Gravitational-wave astronomy is an emerging branch of observational astronomy which aims to use gravitational waves (minute distortions of spacetime predicted by Albert Einstein's theory of general relativity) to collect observational data about objects such as neutron stars and black holes, events such as supernovae, and processes including those of the  early universe shortly after the Big Bang.

Gravitational waves have a solid theoretical basis, founded upon the theory of relativity. They were first predicted by Einstein in 1916; although a specific consequence of general relativity, they are a common feature of all theories of gravity that obey special relativity. However, after 1916 there was a long debate whether the waves were actually physical, or artefacts of coordinate freedom in general relativity; this was not fully resolved until the 1950s.  Indirect observational evidence for their existence first came in the late 1980s, from the monitoring of the Hulse–Taylor binary pulsar (discovered 1974); the pulsar orbit was found to evolve exactly as would be expected for gravitational wave emission. Hulse and Taylor were awarded the 1993 Nobel Prize in Physics for this discovery.

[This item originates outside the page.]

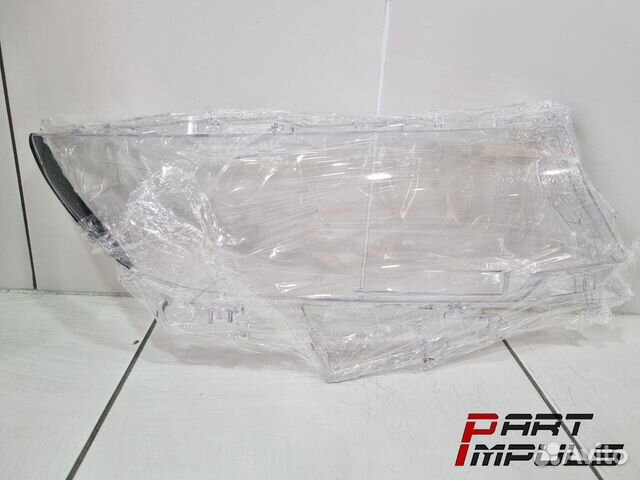 Стекло фары правое Toyota Land Cruiser Prado J150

On 11 February 2016 it was announced that the LIGO collaboration had directly observed gravitational waves for the first time in September 2015. The second observation of gravitational waves was made on 26 December 2015 and announced on 15 June 2016. Barry Barish, Kip Thorne and Rainer Weiss were awarded the 2017 Nobel Prize in Physics for leading this work.

Observations

Ordinary gravitational waves' frequencies are very low and much harder to detect, while higher frequencies occur in more dramatic events and thus have become the first to be observed.

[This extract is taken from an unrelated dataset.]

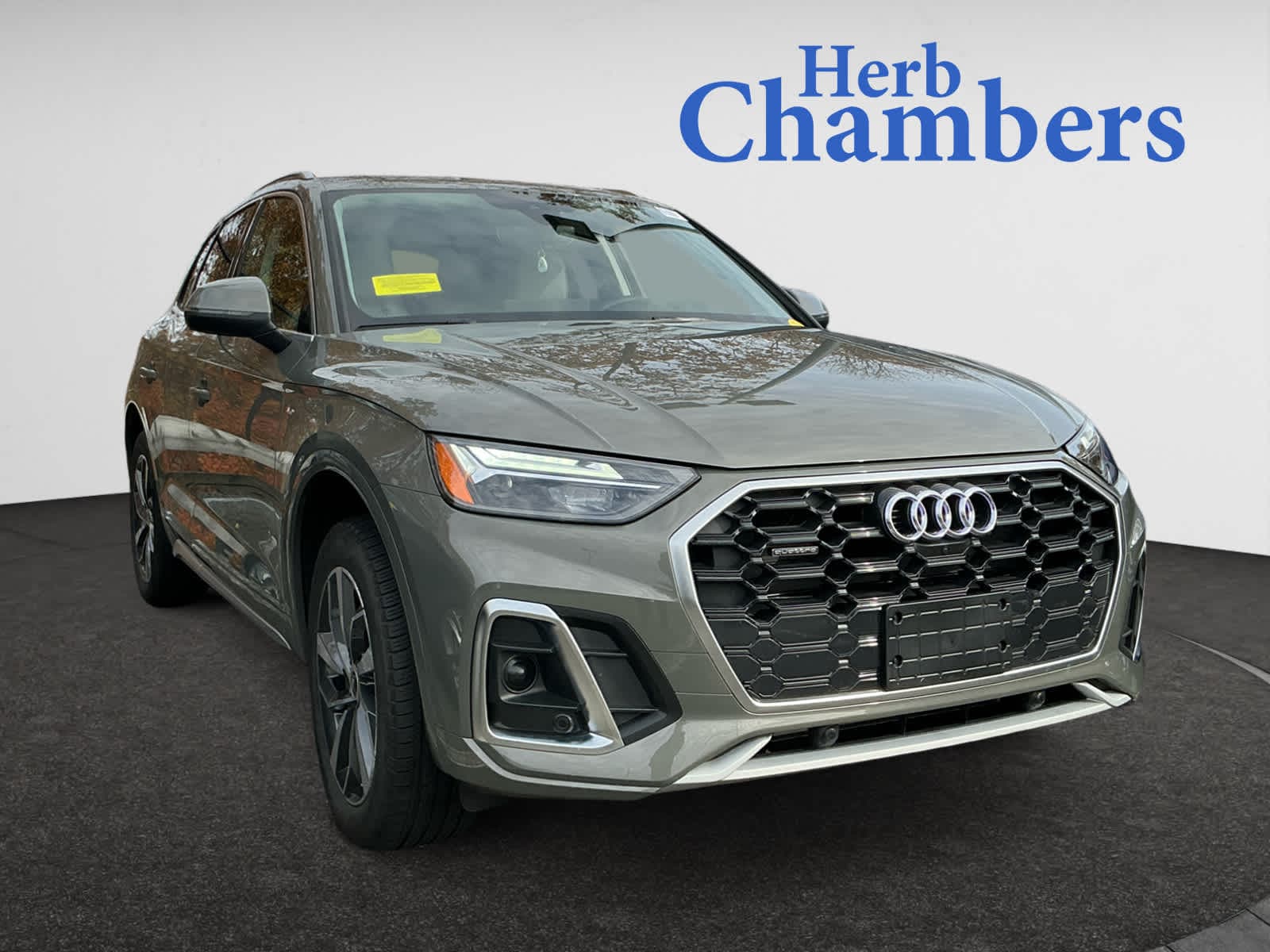 2025 Audi Q5 Premium Plus's photo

In addition to a merger of black holes, a binary neutron star merger has been directly detected: a gamma-ray burst (GRB) was detected by the orbiting Fermi gamma-ray burst monitor on 2017 August 17 12:41:06 UTC, triggering an automated notice worldwide. Six minutes later a single detector at Hanford LIGO, a gravitational-wave observatory, registered a gravitational-wave candidate occurring 2 seconds before the gamma-ray burst. This set of observations is consistent with a binary neutron star merger, as evidenced by a multi-messenger transient event which was signalled by gravitational-wave,  and electromagnetic (gamma-ray burst, optical, and infrared)-spectrum sightings.

High frequency
In 2015, the LIGO project was the first to directly observe gravitational waves using laser interferometers. The LIGO detectors observed gravitational waves from the merger of two stellar-mass black holes, matching predictions of general relativity. These observations demonstrated the existence of binary stellar-mass black hole systems, and were the first direct detection of gravitational waves and the first observation of a binary black hole merger. This finding has been characterized as revolutionary to science, because of the verification of our ability to use gravitational-wave astronomy to progress in our search and exploration of dark matter and the big bang.

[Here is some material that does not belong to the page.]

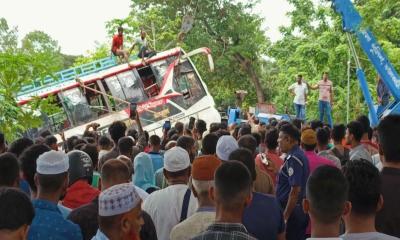 ঝালকাঠিতে বাস উল্টে প্রাণ গেল সুপারভাইজারের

There are several current scientific collaborations for observing gravitational waves. There is a worldwide network of ground-based detectors, these are kilometre-scale laser interferometers including: the Laser Interferometer Gravitational-Wave Observatory (LIGO), a joint project between MIT, Caltech and the scientists of the LIGO Scientific Collaboration with detectors in Livingston, Louisiana and Hanford, Washington; Virgo, at the European Gravitational Observatory, Cascina, Italy; GEO600 in Sarstedt, Germany, and the Kamioka Gravitational Wave Detector (KAGRA), operated by the University of Tokyo in the Kamioka Observatory, Japan. LIGO and Virgo have both been upgraded to advanced configurations. Advanced LIGO began observations in 2015, detecting gravitational waves even though not having reached its design sensitivity yet.  The more advanced KAGRA started observation on February 25, 2020. GEO600 is currently operational, but its sensitivity makes it unlikely to make an observation; its primary purpose is to trial technology.

Low frequency 
An alternative means of observation is using pulsar timing arrays (PTAs). There are three consortia, the European Pulsar Timing Array (EPTA), the North American Nanohertz Observatory for Gravitational Waves (NANOGrav), and the Parkes Pulsar Timing Array (PPTA), which co-operate as the International Pulsar Timing Array. These use existing radio telescopes, but since they are sensitive to frequencies in the nanohertz range, many years of observation are needed to detect a signal and detector sensitivity improves gradually. Current bounds are approaching those expected for astrophysical sources.

Intermediate frequencies
Further in the future, there is the possibility of space-borne detectors. The European Space Agency has selected a gravitational-wave mission for its L3 mission, due to launch 2034, the current concept is the evolved Laser Interferometer Space Antenna (eLISA). Also in development is the Japanese Deci-hertz Interferometer Gravitational wave Observatory (DECIGO).

Scientific value
Astronomy has traditionally relied on electromagnetic radiation. Originating with the visible band, as technology advanced, it became possible to observe other parts of the electromagnetic spectrum, from radio to gamma rays. Each new frequency band gave a new perspective on the Universe and heralded new discoveries. During the 20th century, indirect and later direct measurements of high-energy, massive, particles provided an additional window into the cosmos. Late in the 20th century, the detection of solar neutrinos founded the field of neutrino astronomy, giving an insight into previously inaccessible phenomena, such as the inner workings of the Sun. The observation of gravitational waves provides a further means of making astrophysical observations.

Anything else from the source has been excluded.